With the pictures left out, retype exactly the lines below starting at the line that contains "91家纺网 家纺一手货源 找家纺" and ending at the line that contains "2013 Toyota Prius ZVW30[2]".

## Records shown
============================================================

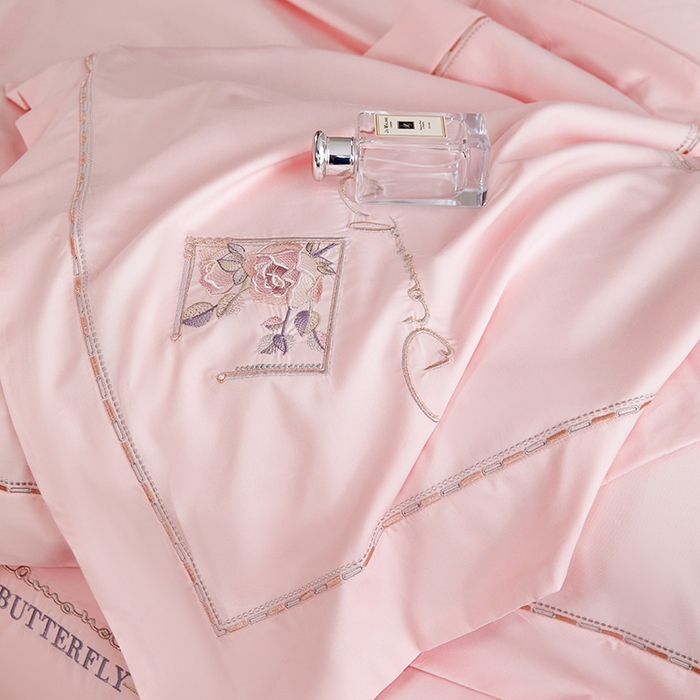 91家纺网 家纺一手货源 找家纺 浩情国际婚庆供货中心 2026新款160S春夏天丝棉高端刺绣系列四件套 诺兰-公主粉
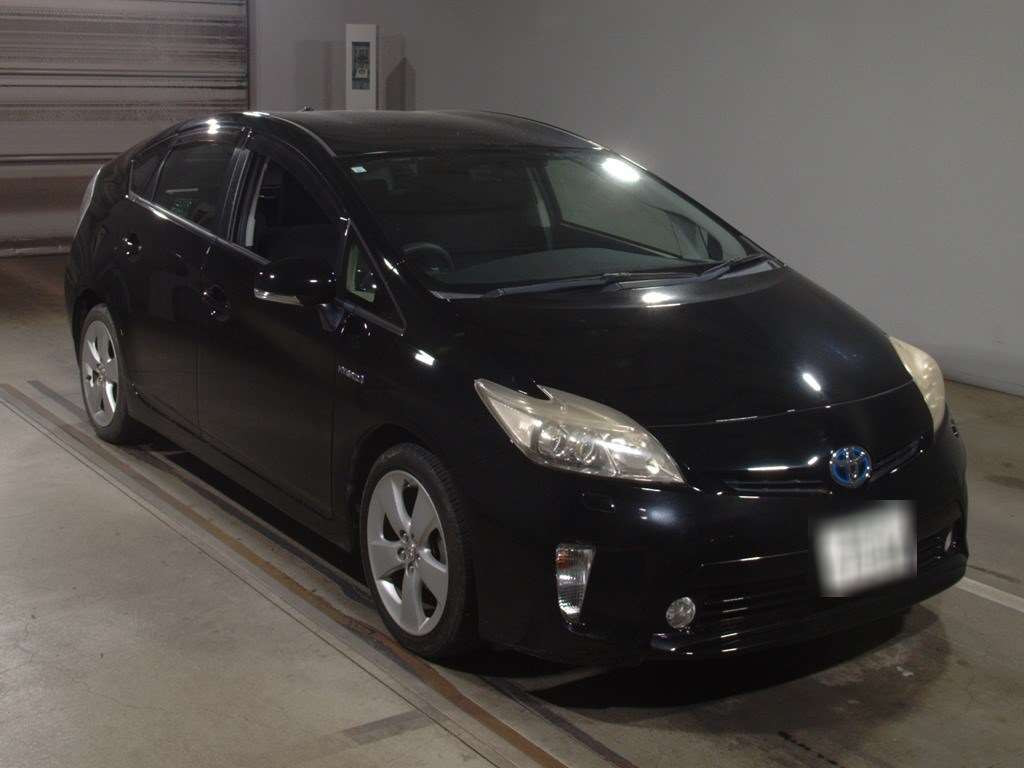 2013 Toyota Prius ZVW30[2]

============================================================

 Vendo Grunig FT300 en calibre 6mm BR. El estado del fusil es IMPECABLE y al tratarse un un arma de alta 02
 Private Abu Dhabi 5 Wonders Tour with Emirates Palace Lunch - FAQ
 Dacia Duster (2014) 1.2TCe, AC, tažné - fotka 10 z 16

============================================================

## Written reply
 91家纺网 家纺一手货源 找家纺 浩情国际婚庆供货中心 2026新款160S春夏天丝棉高端刺绣系列四件套 诺兰-公主粉
 2013 Toyota Prius ZVW30[2]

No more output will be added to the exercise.